Tribune libre de janvier 2017 de Muriel COATIVY Sainte Foy Bleu Marine

Bonne année à tous.

 

Sainte Foy Bleu Marine adresse ses meilleurs vœux à tous les fidésiens pour cette nouvelle année 2017. Une année politiquement cruciale tant les décisions prises au plus haut lieu seront décisives sur la concrétisation de la plus grande partie de nos vœux (santé, emploi, pouvoir d’achat, famille …). Mon vœu, vous le connaissez : qu’une apaisante brise marine s’installe sur notre beau pays en mai prochain !

Car la situation ne peut plus perdurer. Nous ne pouvons pas nous résoudre avec fatalité à la présence de notre police ou de notre armée devant nos paroisses  le soir du réveillon de Noël. Nous ne pouvons pas nous résoudre à vivre perpétuellement en état d’urgence, la peur au ventre de perdre un de nos proches dans le prochain attentat.  Au-delà de la crise économique et sociale, c’est bien-sûr le premier vœu que l’on peut souhaiter aux français et aux fidésiens. Retrouver la Paix.

Sainte Foy Bleu Marine adresse aussi tous ses vœux à nos petits écoliers qui eux aussi ont à subir depuis plus d’un an une réforme des rythmes scolaires imposée à tous sans concertation. Dès juin 2014, nous étions le seul groupe d’opposition invitant les élus à concentrer les Temps d’Activités Périscolaires (TAP) sur une demi-journée, le vendredi après-midi. Ma demande était restée lettre morte.

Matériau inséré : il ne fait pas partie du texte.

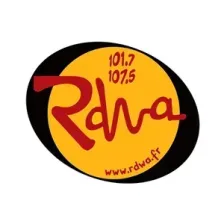 RDWA logo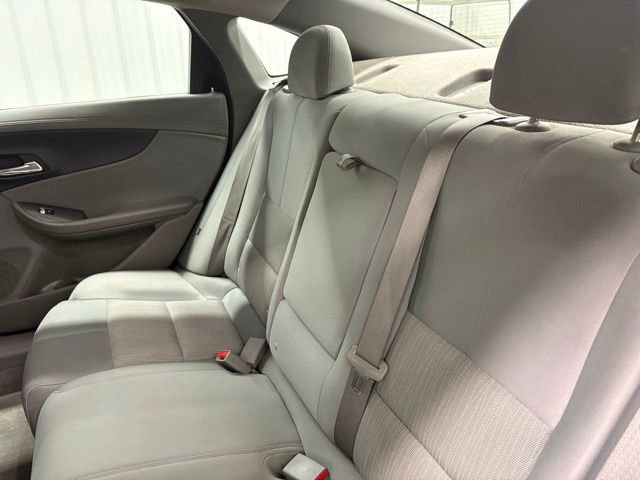 Used 2015 Chevrolet Impala LS image 7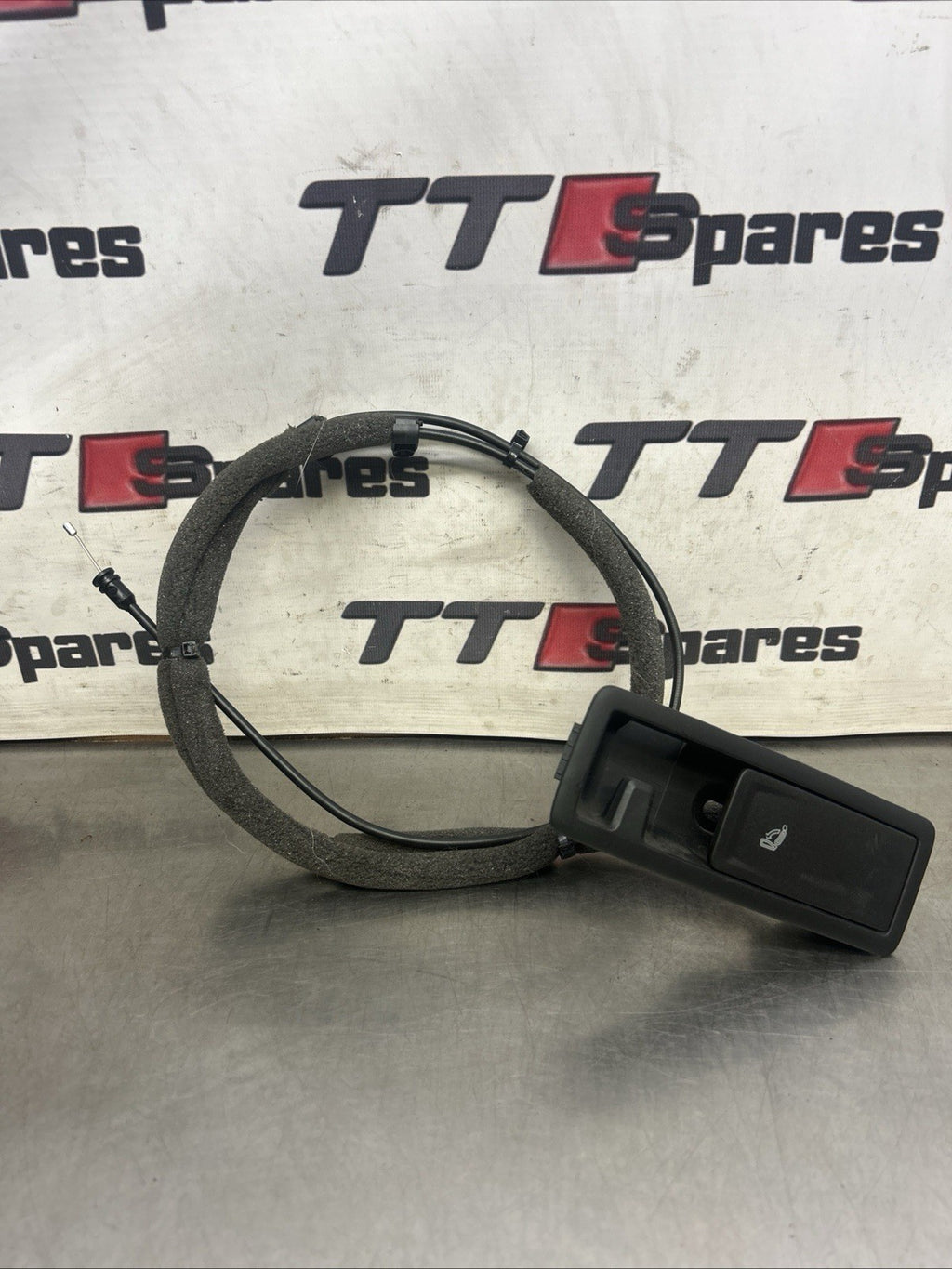 2021 Seat Ateca Rear Right Side Seat Adjustment Switch Button Lever 5G0885671G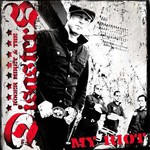 Roger Miret and the Disasters, My Riot mp3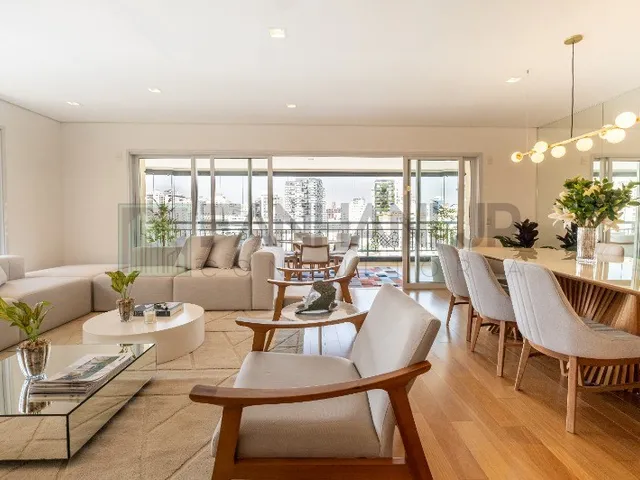 Imagem 7: Imperdível oportunidade: Apartamento novo mobiliado no Itaim Bibi, São Paulo-SP! 4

J’étais dans le faux, m’avait-on fait comprendre à l’époque. Tant que cela ? Puisque la municipalité est revenue sur l’organisation de la semaine scolaire, concentrant les TAP sur le jeudi après-midi, reprenant sans le dire mon argumentaire développé de l’époque.

Mais où est encore l’intérêt des enfants, l’intérêt des parents ? Ces derniers, contraints de travailler les jeudis AM, sont obligés d’inscrire leur(s) enfant(s) aux TAP, rendant caduc le principe de la gratuité de l’enseignement public. Et où est l’intérêt des enfants et des familles ? Le vendredi AM ne permettrait-il pas plus de week-ends familiaux avec parents ou grands-parents éloignés géographiquement, dans l’intérêt de tous ? « L’éducation, c’est la famille qui la donne. L’instruction, c’est l’Etat qui la doit » (Victor Hugo). Le véritable intérêt de l’enfant est de partager des moments structurants, apaisants, constructifs en famille plutôt que de subir des activités sans réelle préparation pédagogique, malgré toute la bonne volonté du corps enseignant et de bénévoles pris en otage.